(Short web captions)
::::::

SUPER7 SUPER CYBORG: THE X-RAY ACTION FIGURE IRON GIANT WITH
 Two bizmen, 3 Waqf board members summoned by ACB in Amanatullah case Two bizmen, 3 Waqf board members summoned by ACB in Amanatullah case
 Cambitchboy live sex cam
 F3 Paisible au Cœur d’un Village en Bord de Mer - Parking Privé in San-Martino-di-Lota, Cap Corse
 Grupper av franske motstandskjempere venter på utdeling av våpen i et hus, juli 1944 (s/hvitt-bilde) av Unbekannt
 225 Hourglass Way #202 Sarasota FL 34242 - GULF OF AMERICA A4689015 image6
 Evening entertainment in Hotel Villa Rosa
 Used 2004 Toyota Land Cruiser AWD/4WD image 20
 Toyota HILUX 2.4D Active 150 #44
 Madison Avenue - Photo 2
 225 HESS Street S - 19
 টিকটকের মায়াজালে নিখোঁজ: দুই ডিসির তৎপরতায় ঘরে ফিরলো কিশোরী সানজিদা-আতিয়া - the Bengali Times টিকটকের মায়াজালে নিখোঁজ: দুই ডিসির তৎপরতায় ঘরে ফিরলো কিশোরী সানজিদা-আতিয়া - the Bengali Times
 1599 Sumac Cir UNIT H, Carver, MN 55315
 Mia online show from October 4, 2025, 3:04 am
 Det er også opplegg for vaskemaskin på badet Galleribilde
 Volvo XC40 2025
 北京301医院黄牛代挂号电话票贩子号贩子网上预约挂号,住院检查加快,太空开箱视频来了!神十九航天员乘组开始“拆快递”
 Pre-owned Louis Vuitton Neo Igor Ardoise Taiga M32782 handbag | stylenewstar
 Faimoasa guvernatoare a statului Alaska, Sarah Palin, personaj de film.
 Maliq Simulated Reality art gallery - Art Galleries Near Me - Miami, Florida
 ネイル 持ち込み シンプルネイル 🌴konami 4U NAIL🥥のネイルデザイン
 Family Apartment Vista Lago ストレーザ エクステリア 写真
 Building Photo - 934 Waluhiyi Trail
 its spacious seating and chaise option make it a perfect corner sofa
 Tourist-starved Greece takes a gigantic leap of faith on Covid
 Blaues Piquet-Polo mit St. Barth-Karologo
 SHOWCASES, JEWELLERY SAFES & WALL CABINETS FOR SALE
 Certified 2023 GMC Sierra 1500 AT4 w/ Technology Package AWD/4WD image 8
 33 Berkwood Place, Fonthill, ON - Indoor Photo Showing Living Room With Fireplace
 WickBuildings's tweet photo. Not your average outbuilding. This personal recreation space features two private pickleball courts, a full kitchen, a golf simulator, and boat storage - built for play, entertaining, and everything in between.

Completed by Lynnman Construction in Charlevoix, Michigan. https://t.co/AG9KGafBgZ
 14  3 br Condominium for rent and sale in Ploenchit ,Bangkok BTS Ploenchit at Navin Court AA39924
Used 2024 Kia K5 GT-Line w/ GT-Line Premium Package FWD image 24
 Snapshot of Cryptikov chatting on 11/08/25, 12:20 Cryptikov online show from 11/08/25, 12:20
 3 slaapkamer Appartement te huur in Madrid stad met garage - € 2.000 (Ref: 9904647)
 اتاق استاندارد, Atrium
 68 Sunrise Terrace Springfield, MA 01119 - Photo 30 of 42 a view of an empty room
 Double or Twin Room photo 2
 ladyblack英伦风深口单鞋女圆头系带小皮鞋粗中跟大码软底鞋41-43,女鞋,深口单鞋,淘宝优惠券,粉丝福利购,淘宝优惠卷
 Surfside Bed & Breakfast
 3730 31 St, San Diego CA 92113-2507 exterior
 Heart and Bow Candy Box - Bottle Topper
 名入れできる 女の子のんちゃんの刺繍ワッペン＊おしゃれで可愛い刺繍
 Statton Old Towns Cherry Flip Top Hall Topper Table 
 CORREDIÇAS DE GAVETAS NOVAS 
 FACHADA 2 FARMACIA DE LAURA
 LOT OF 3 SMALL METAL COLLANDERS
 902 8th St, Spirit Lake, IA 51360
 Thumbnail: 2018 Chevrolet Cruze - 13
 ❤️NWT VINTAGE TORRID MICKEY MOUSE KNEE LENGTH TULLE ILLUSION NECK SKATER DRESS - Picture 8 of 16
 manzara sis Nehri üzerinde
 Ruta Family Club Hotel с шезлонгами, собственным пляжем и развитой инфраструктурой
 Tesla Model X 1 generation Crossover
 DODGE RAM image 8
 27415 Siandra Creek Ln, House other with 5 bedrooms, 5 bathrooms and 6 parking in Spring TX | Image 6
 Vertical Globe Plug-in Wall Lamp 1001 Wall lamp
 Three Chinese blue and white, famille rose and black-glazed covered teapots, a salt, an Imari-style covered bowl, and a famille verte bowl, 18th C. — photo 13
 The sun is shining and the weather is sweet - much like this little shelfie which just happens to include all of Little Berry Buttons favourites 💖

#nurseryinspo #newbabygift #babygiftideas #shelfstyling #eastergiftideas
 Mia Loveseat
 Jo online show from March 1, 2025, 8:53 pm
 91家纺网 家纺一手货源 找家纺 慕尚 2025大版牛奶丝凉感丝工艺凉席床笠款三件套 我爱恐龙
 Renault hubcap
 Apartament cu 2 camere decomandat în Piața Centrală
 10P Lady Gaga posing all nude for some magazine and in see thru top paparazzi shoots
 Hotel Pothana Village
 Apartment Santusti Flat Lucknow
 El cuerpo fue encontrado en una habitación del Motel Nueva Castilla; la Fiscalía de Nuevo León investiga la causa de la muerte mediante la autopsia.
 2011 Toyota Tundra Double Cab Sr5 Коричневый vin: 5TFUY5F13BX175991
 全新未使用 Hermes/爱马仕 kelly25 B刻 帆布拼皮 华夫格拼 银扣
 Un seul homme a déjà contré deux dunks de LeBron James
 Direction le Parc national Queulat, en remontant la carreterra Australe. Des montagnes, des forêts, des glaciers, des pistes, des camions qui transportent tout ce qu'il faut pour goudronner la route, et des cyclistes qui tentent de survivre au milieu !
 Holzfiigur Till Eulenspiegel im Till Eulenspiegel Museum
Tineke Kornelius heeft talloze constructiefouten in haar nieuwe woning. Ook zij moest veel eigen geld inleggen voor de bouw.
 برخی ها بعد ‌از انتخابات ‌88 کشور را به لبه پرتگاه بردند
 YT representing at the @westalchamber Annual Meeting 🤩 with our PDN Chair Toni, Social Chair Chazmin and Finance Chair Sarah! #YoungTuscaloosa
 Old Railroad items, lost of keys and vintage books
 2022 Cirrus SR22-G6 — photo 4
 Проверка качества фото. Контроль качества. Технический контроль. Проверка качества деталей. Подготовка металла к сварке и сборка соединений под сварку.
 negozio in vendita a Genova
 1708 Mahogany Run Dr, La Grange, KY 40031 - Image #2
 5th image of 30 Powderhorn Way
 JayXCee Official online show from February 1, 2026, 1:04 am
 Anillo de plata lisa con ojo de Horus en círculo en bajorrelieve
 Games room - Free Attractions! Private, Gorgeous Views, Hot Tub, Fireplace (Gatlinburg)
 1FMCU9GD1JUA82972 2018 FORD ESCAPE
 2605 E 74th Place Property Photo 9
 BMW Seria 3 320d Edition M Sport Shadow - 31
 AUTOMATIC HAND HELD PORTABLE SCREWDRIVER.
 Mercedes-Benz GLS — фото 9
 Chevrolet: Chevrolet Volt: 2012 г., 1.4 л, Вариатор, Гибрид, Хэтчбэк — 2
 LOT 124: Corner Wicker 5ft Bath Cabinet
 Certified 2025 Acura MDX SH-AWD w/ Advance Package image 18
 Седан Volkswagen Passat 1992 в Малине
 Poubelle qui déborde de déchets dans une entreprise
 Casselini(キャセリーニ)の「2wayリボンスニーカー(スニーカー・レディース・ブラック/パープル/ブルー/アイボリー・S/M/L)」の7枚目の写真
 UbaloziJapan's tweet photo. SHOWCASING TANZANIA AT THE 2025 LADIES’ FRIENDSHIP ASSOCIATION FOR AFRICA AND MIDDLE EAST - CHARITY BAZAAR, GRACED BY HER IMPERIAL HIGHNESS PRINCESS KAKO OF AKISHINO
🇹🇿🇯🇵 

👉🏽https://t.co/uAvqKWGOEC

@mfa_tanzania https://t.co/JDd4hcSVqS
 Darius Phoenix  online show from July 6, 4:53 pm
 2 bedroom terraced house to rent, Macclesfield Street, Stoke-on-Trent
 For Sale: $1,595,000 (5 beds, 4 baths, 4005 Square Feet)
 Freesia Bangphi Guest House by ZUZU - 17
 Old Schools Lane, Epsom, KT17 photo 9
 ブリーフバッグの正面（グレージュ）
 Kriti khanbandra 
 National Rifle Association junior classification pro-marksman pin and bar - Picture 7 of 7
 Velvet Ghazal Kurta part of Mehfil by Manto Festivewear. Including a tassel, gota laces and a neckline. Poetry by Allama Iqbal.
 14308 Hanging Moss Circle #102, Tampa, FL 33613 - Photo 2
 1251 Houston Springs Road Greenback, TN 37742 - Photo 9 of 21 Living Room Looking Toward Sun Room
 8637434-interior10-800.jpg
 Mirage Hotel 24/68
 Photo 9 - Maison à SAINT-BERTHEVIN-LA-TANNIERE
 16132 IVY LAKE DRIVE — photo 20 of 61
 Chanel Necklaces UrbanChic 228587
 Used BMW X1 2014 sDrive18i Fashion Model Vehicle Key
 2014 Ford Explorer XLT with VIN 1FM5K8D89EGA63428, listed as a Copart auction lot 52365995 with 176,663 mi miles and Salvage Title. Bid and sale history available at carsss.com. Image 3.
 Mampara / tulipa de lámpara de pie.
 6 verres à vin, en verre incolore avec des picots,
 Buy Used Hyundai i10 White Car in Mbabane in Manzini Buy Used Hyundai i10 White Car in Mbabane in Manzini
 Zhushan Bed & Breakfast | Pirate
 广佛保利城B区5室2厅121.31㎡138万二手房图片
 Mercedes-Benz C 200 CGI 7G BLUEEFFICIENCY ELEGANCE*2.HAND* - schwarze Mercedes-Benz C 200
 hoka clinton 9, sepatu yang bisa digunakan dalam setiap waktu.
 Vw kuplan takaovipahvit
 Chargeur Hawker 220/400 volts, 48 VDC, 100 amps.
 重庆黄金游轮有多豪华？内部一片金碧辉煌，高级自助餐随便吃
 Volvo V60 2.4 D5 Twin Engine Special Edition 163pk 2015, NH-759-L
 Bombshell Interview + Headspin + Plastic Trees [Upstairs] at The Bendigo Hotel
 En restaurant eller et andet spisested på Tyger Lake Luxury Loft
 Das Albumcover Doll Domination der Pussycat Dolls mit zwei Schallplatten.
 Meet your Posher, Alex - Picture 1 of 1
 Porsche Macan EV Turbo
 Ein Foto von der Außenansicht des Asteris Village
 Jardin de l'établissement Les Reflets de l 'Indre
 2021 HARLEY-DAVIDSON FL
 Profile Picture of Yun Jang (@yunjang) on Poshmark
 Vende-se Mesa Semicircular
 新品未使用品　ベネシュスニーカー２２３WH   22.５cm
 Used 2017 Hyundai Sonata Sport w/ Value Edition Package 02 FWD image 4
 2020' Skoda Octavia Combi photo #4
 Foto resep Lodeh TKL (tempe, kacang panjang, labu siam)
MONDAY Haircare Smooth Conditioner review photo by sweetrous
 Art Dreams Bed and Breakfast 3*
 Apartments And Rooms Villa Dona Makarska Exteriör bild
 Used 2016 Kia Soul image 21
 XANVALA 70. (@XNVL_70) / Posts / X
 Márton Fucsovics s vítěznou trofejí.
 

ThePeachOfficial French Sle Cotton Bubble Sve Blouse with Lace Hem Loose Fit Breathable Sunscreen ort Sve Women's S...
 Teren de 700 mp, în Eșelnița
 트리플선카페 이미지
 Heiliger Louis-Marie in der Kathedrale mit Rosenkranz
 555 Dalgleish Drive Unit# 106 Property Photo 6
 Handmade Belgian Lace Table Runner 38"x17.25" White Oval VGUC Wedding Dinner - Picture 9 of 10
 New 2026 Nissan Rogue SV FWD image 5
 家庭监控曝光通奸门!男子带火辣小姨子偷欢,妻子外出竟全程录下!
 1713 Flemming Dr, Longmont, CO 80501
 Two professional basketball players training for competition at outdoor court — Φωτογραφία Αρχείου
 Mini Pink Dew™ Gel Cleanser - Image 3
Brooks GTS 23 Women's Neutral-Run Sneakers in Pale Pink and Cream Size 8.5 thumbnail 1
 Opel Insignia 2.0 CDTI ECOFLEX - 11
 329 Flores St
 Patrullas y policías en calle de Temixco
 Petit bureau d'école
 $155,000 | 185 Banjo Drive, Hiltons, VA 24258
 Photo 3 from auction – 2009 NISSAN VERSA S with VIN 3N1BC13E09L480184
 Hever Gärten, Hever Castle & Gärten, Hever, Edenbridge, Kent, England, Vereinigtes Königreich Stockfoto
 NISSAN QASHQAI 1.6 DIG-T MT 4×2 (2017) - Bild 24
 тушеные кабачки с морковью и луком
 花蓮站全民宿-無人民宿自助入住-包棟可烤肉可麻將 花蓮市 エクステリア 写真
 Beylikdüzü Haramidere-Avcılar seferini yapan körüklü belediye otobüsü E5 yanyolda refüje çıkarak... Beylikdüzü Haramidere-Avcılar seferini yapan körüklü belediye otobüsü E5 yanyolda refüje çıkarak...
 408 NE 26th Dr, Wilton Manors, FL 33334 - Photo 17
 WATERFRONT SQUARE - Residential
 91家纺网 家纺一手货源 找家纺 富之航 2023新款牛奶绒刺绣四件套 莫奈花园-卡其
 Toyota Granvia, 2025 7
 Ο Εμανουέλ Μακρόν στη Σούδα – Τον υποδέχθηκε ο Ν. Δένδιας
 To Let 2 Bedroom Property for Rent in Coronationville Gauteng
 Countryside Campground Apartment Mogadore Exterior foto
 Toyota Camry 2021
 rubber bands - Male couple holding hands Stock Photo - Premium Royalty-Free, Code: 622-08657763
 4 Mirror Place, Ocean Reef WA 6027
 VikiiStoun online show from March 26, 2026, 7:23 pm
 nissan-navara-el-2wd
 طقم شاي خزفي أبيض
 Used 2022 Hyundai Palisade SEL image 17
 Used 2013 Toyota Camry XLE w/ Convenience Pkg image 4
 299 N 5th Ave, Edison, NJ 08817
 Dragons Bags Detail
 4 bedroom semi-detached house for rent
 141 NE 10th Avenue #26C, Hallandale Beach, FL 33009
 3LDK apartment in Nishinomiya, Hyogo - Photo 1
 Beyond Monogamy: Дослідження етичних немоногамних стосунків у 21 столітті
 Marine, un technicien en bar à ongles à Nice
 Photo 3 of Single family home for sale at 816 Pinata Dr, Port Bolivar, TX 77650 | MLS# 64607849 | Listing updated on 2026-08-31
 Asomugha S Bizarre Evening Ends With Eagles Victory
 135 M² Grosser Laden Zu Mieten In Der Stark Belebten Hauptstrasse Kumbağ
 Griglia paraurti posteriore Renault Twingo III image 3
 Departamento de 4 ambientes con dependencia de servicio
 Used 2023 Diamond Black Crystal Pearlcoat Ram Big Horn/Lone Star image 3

::::::

■ Action item
Given the records above, reproduce precisely and only the lines between the line holding "3 slaapkamer Appartement" and the line holding "Heart and Bow Candy Box - Bottle Topper", inclusive.

■ Task result
 3 slaapkamer Appartement te huur in Madrid stad met garage - € 2.000 (Ref: 9904647)
 اتاق استاندارد, Atrium
 68 Sunrise Terrace Springfield, MA 01119 - Photo 30 of 42 a view of an empty room
 Double or Twin Room photo 2
 ladyblack英伦风深口单鞋女圆头系带小皮鞋粗中跟大码软底鞋41-43,女鞋,深口单鞋,淘宝优惠券,粉丝福利购,淘宝优惠卷
 Surfside Bed & Breakfast
 3730 31 St, San Diego CA 92113-2507 exterior
 Heart and Bow Candy Box - Bottle Topper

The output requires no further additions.